### Assignment
Your response should consist of the entire listing, transcribed exactly, with every image left out.

### Given material

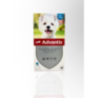 Advantix Spot-On Dla Psów 4–10kg 1ml Pipeta | Zoo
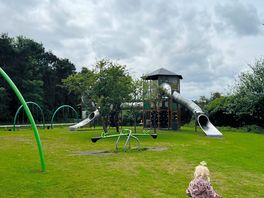 Holme pierrepont country park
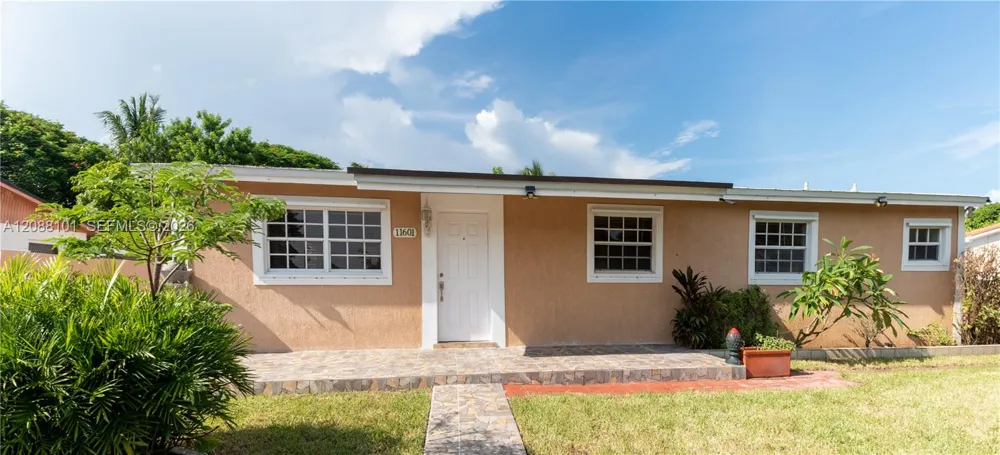 11601 SW 183rd St Miami, FL 33157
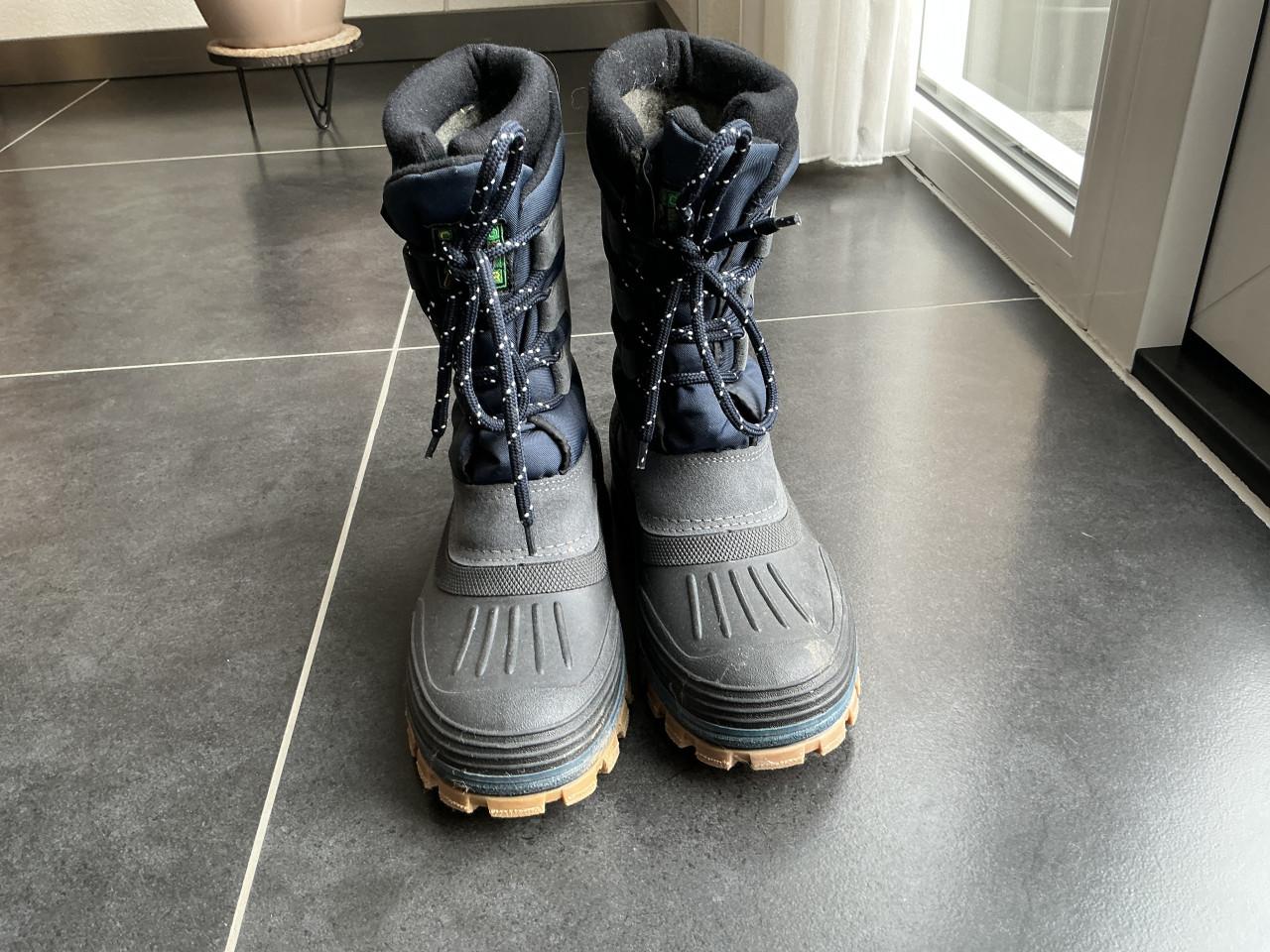Snowboots maat 37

### Finished task
 Advantix Spot-On Dla Psów 4–10kg 1ml Pipeta | Zoo
 Holme pierrepont country park
 11601 SW 183rd St Miami, FL 33157
Snowboots maat 37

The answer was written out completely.